En parallèle de ce qui se passe sur le bateau, le réalisateur pense qu’il est intelligent de donner du poids au premier capitaine du navire, qui possède déjà un bagage peu reluisant pour la mère patrie. Ainsi, on va aller dans l’intimité de ce type, auprès de sa femme, qui travaille visiblement pour l’Etat, et qui demande le divorce. Cela va entrainer des problèmes internes, puisqu’il est mal vu, visiblement, de divorcer en Russie dans les années 80. Mais cette femme est montrée de façon détestable, divorçant parce qu’elle est tombée amoureuse d’un autre type, et du coup, elle a le mauvais rôle. Une vision masculiniste et pas très intéressante, pour ne pas dire réductrice. En plus, ce découpage freine l’action et les moments de tension, pour tendre vers un drame qui n’a pas vraiment sa place dans les grandes lignes.

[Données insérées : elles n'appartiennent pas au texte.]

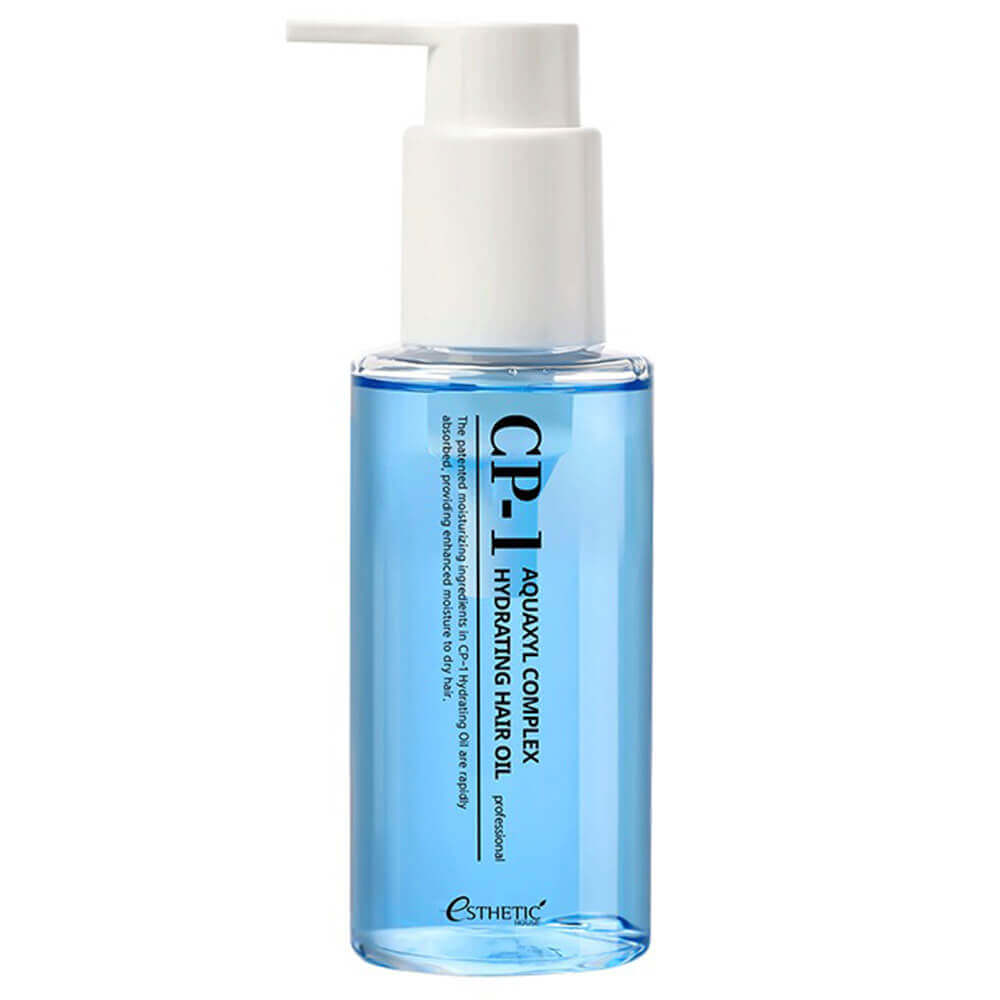 esh014511, Масло для волос cp 1 aquaxyl complex hydrating hair oil, 100 мл, esthetic house ESTHETIC HOUSE CP-1 Aquaxyl Complex Hydrating Hair Oil 100 ml Масло для волос — изображение 1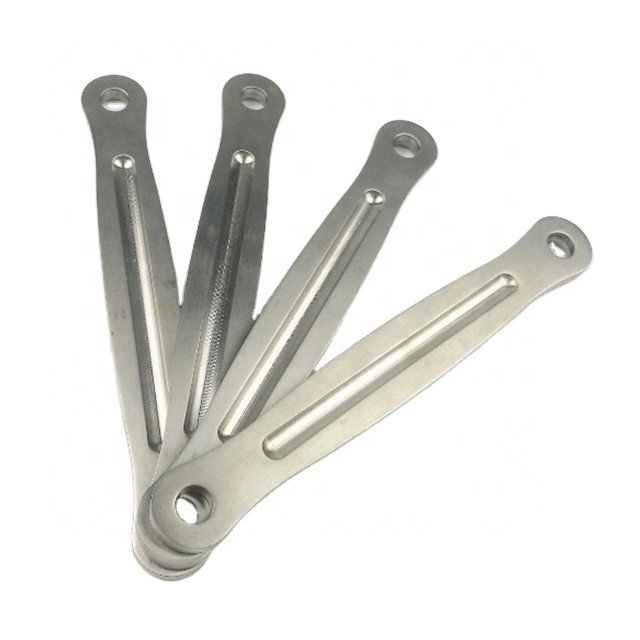 Natural Universal OE NO. and Titanium 5" Jacobs Ladder Strap for Sprint Car Jacobs
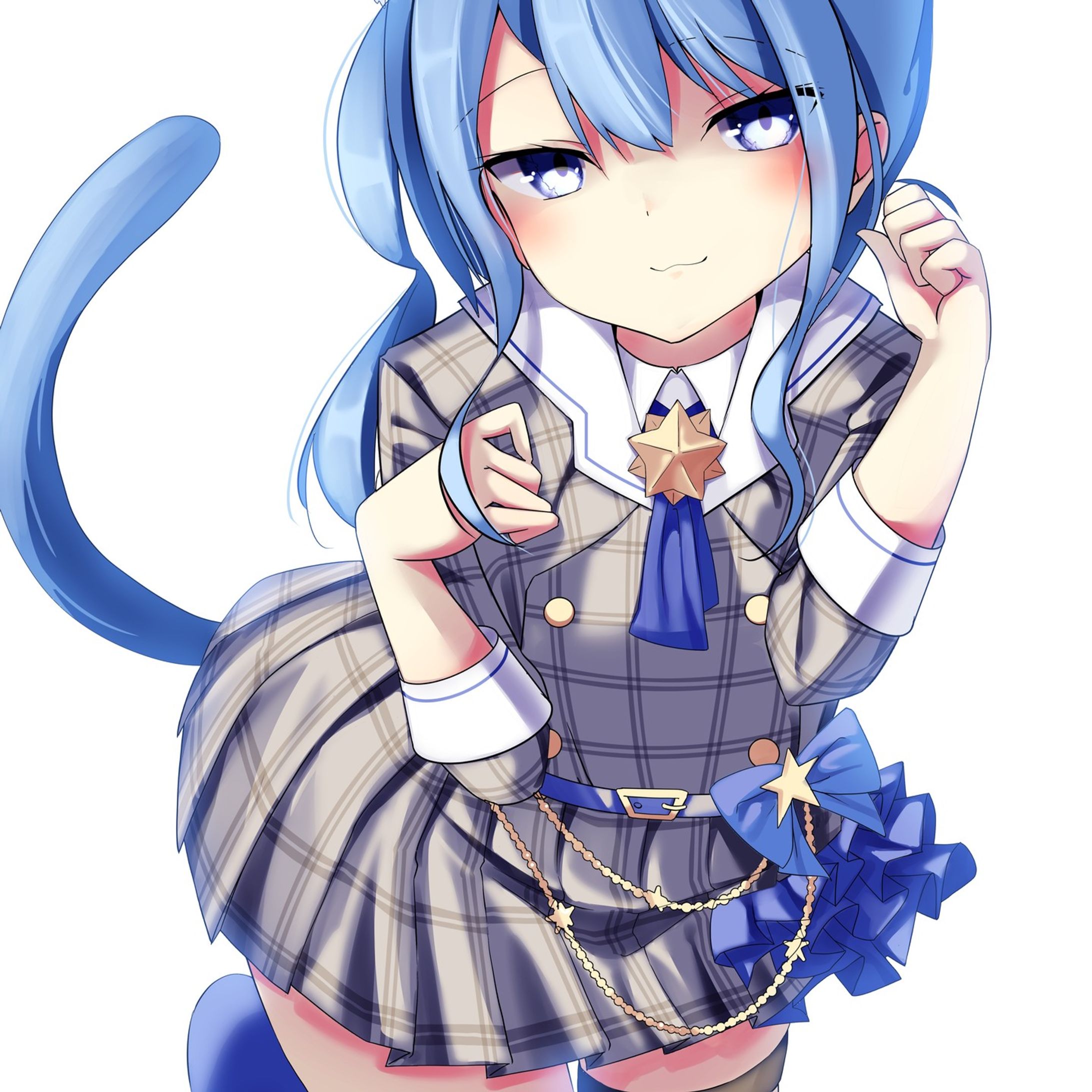 #星街すいせい
＃ほしまちぎゃらりー-1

Le film en soi n’est pas mauvais, mais il pêche par bien des errances scénaristiques et des personnages peu intéressants. Fort heureusement, on peut se rattraper sur certains points, et notamment les effets spéciaux, qui sont parfois impressionnants. On sait que ce n’est pas toujours le point fort des russes, qui ont tendance à sombrer dans des images de synthèse dégueulasses, mais là, ce n’est pas le cas. Certes, certains passages frisent l’incrustation mal foutue, mais cela reste minoritaire. Il est juste dommage que ces passages soient si peu nombreux, le film restant trop proche de l’équipage…

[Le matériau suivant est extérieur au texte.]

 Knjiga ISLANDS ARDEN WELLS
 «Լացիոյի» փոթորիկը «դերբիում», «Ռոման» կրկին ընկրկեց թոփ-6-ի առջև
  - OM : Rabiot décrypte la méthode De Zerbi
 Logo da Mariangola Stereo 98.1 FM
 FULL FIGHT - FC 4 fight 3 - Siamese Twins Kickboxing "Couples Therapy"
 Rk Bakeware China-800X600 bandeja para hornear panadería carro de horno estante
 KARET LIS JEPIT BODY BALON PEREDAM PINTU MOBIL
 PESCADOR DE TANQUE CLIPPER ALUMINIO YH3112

Au final, Le Brise-Glace est un film bancal qui oscille entre divers genres sans jamais vraiment prendre de décision. Certains choix scénaristiques sont plus que douteux, avec des réflexions archaïques sur la place de la femme, par exemple, et on regrettera de longs passages où il ne se passera pas grand-chose. Heureusement, les phases d’action sont bien gérées, et les effets spéciaux ne sont pas immondes, permettant de noyer un peu le poisson, et de rendre ce film regardable, à défaut d’être passionnant.